- New Hampshire's House of Representatives could vote in early January on Senate Bill 159, to expand the state's net metering cap five-fold and allow larger generators to take part in the program.
- Renewables advocates say it would give a significant boost to New Hampshire's solar industry, which lags behind neighboring states. The Senate passed the bill unanimously in March.
- The legislation's outlook is uncertain and supporters say it may need to be modified to eventually become law. Gov. Chris Sununu, R, earlier this year vetoed a similar effort to expand the solar generator cap from 1 MW to 5 MW.
Sununu vetoed net metering expansions in 2018 and 2019, and supporters acknowledge the latest attempt will need to be amended in order to avoid a similar outcome.
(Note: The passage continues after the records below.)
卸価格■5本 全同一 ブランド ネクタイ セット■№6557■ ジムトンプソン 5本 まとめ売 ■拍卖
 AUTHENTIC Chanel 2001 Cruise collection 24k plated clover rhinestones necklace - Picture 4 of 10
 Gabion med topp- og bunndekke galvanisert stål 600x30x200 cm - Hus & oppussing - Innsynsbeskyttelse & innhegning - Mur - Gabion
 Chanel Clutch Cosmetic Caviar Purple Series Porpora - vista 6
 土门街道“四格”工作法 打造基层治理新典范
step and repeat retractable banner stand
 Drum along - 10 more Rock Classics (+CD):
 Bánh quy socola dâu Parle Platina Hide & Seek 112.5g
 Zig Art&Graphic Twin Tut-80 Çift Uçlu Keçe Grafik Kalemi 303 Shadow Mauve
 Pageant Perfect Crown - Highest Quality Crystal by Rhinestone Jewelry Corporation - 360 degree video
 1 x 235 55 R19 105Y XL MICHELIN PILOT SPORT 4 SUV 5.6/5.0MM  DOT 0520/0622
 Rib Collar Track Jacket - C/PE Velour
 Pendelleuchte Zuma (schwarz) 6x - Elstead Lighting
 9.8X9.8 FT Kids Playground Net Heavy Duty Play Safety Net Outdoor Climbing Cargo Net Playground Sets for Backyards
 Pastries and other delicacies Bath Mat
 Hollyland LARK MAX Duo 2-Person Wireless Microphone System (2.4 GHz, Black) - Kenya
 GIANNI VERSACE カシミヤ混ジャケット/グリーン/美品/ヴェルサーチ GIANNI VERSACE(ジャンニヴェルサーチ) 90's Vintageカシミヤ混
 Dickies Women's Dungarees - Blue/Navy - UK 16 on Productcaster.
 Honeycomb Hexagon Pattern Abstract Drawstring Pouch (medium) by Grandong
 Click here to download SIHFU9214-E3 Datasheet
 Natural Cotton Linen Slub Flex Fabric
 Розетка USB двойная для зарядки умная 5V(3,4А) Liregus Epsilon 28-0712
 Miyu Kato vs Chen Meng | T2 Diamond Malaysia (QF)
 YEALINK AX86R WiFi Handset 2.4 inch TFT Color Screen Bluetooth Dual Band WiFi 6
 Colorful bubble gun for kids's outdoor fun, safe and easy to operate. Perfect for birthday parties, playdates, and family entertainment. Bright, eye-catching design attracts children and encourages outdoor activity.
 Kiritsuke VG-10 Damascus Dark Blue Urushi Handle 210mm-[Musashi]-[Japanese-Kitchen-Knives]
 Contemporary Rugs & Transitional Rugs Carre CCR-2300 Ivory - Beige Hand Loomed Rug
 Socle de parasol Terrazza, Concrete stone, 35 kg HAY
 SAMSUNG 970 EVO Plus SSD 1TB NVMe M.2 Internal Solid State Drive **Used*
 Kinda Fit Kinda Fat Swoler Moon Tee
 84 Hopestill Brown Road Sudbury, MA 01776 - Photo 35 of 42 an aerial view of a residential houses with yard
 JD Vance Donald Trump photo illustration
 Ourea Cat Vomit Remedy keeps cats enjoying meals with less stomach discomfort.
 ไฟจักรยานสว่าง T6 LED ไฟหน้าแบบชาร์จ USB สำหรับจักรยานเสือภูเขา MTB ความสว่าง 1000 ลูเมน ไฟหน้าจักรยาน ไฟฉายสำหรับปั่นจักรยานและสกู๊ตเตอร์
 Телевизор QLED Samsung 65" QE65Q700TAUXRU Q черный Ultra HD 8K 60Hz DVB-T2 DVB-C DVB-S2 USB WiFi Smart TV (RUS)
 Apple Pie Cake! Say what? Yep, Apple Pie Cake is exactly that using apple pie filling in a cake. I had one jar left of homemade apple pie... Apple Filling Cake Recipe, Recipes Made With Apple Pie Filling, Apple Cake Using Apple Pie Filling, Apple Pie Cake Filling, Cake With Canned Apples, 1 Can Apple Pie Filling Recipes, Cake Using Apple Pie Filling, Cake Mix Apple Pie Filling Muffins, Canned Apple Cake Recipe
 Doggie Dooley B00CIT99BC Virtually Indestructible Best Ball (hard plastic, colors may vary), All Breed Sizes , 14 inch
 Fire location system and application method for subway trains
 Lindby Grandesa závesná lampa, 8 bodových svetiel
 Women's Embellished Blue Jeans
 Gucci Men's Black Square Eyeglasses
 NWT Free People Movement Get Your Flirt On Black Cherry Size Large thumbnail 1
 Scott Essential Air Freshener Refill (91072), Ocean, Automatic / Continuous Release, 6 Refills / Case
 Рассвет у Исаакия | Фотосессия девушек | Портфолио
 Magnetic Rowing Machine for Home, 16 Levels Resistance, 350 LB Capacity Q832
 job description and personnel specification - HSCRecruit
There are indications, say sources, that a deal may be in the works.
"This is part of an ongoing effort to extend net metering," Executive Director of Clean Energy New Hampshire Madeleine Mineau told Utility Dive. "Allowing larger projects to participate in net metering would cause a serious expansion of solar."
Solar provides less than 1% of New Hampshire's electricity, whereas in Vermont it makes up more than 10% of the state's supply. "We're far behind," Mineau said. But she also said SB 159 could lead to "tremendous growth" of New Hampshire's solar resources if it can become law.
"There have been multiple attempts to pass this," Mineau said. "Considering the makeup of the House and Senate hasn't changed, it is likely to pass again."
Sununu vetoed HB 365 to expand net metering earlier this year, citing concerns over the impact on ratepayers. In 2018, he vetoed Senate Bill 446, which had similar aims. Neither subsequent lawmaker vote to override the veto was successful, though the most recent attempt failed by only about a half dozen votes.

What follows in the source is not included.